Yesterday, for the feast of Saint Dominic, the prior and superior of Saint Albert's, Fr. Reginald Martin, OP, said and preached the mass. The following is the homily he gave. While this is not from a student brother, it might be considered one of the examples of preaching to which we aspire:
In the last couple of weeks, Fr. Augustine Thompson and I had the chance to visit a number of fabled cities built on hills. I confess, to my embarrassment, that I had hitherto, appreciated them for their scenic beauty, but this go-round Fr. Augustine’s scholarship helped me realize the immense responsibility citizens must be willing to embrace when they undertake to build their city on a hill.
The strategic advantages are obvious, of course, but once your life cannot be hidden, you must make all sorts of provisions and take all sorts of precautions that your more secluded neighbors don’t have to worry about. Noblesse oblige, after all, or – as we learned when we were growing up, beauty is, as beauty does.
Which is why no one lights a lamp to hide it. We may take light for granted, but it was extremely valuable – and costly – for Jesus and his contemporaries.
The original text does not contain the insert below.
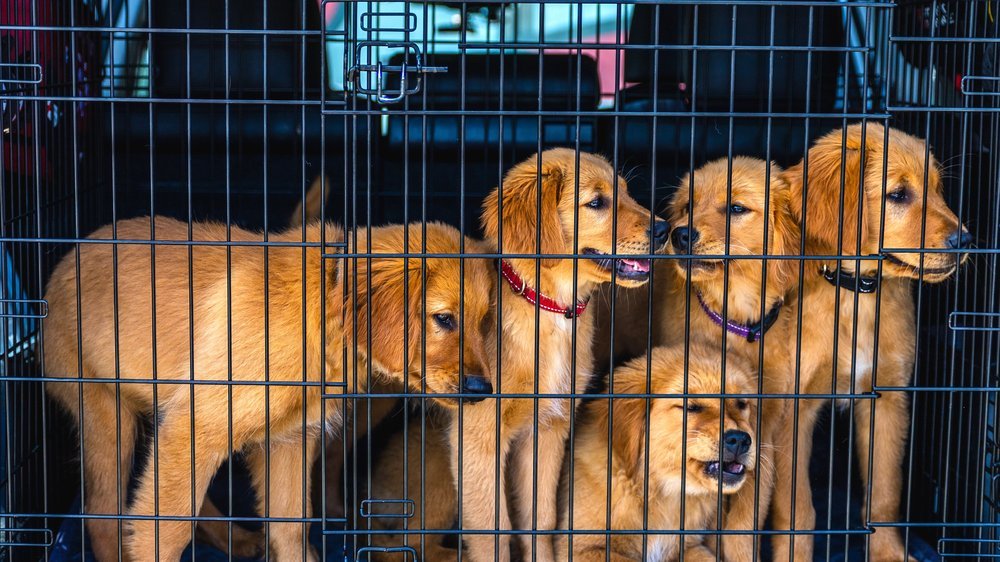 milbemax hund dosierung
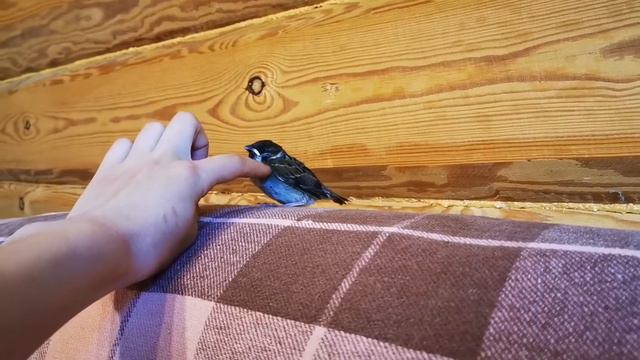 Весёлый воробушек Роджер! Наш новый питомец! смотреть онлайн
It’s no wonder the ancients should have considered light an ordering principle, or that God should have created it first.
Physicists can tell us what light is, but we don’t need to be scientists to know what light does; it makes things safe and it makes them warm. But it does so by making them bright. When the Albigensians let their ears be tickled by a dualist fable that denied the Incarnation, St. Dominic countered with the light of his study. He got the Albigensians’ attention by studying their doctrine to understand it well enough to point out its errors.
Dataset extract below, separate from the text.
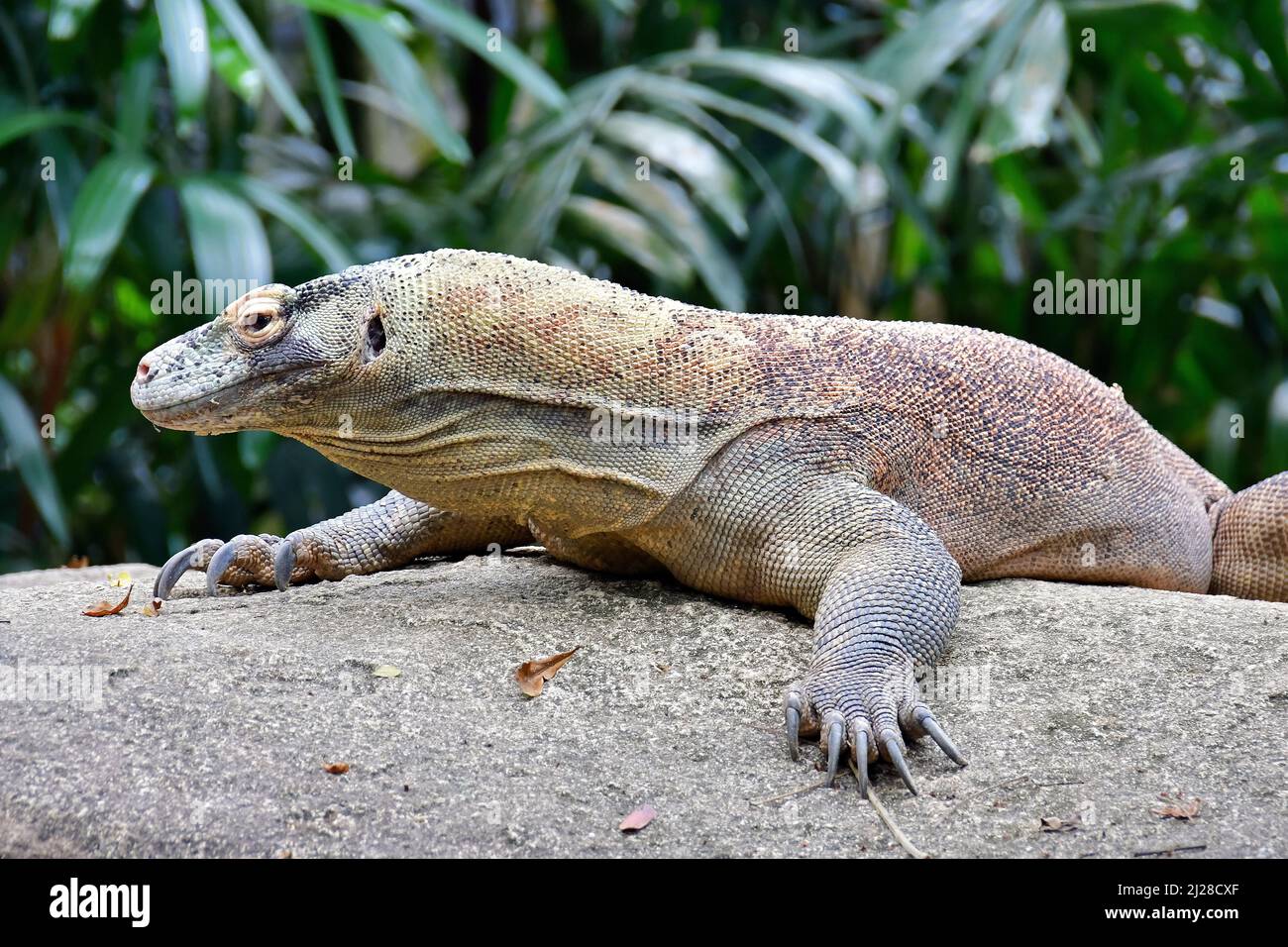 Komodo dragon, Komodo monitor, Komodowaran, Varanus komodoensis, Singapore Zoological Gardens or Mandai Zoo, Singapore, Southeast Asia Stock Photo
The dictionary defines “study” as “the application of the mind to the acquisition of knowledge…by reading, investigation, or reflection….” St. Dominic didn’t invent study, but he invested it with a purpose that was wholly his own. Benedictines study a great deal. They may become smart along the way, but Benedictines study to become holy.
The Franciscans have produced great scholars, but legends say that St. Francis himself was suspicious of school. Fr. Augustine’s book will probably deny this, so let’s repeat it one last time. St. Francis is reported to have said,
The Lord told me that He would have me poor and foolish in this world and that He willed not to lead us by any way other than that.
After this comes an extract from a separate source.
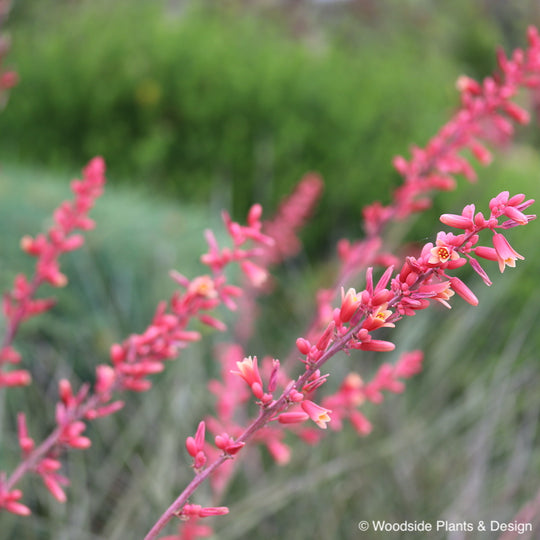 Hesperaloe parviflora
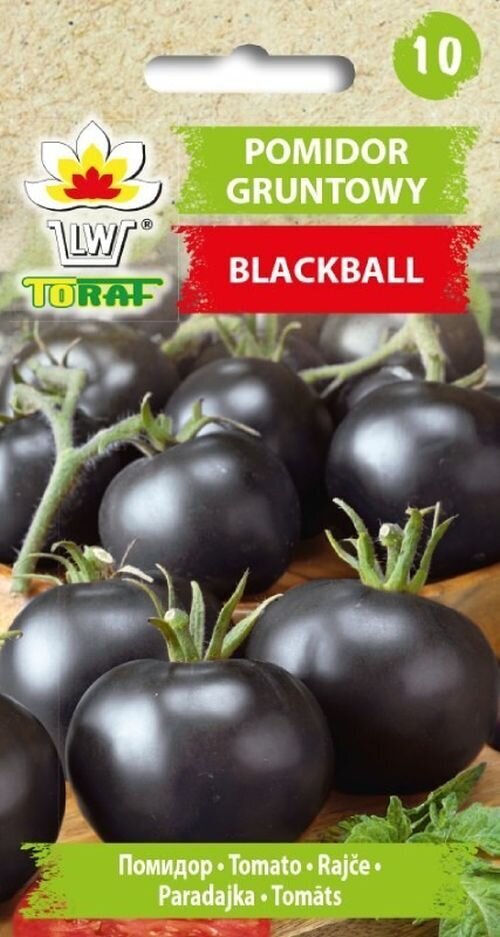 Vyšniniai pomidorai BLACKBALL kaina ir informacija | Daržovių, uogų sėklos | pigu.lt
A Dominican’s study is an act of piety ordered to an end outside of us. It may not make us holy, but it ought to make us smart – at least smart enough to cause the people we preach to, to think – and to call them to God. Study is our obligation, and everyone we preach to has the right to expect it of us.
How beautiful, Isaiah tells us, are the feet of the one who brings Good News. Notice, it’s the preacher’s feet that are beautiful, not the shoes. The light of Christ equips us to look beneath the surface of things, to penetrate to the truth. As St. Dominic did when the Albignesians said that matter and spirit are so opposed that God could never be united with something so fallen as this flesh, or reveal Himself in anything so corrupt as food and drink.
We are the light of the world, Our Savior tells us – a light that makes things bright, keeps them safe and makes them warm. Warmth may not be a quality we immediately associate with St. Dominic, but one of his peers wrote,
... the tranquil composure of the inner man was revealed outwardly by the kindliness and cheerfulness of his expression [which] easily won the love of everybody. Without difficulty he found his way into people’s hearts as soon as they saw him.
“As soon as they saw him.” Like that city on a hill. The life of our founder, no less than the example from the gospel, warns us, if we’re going to enjoy the prominence, we must be prepared to embrace the responsibility.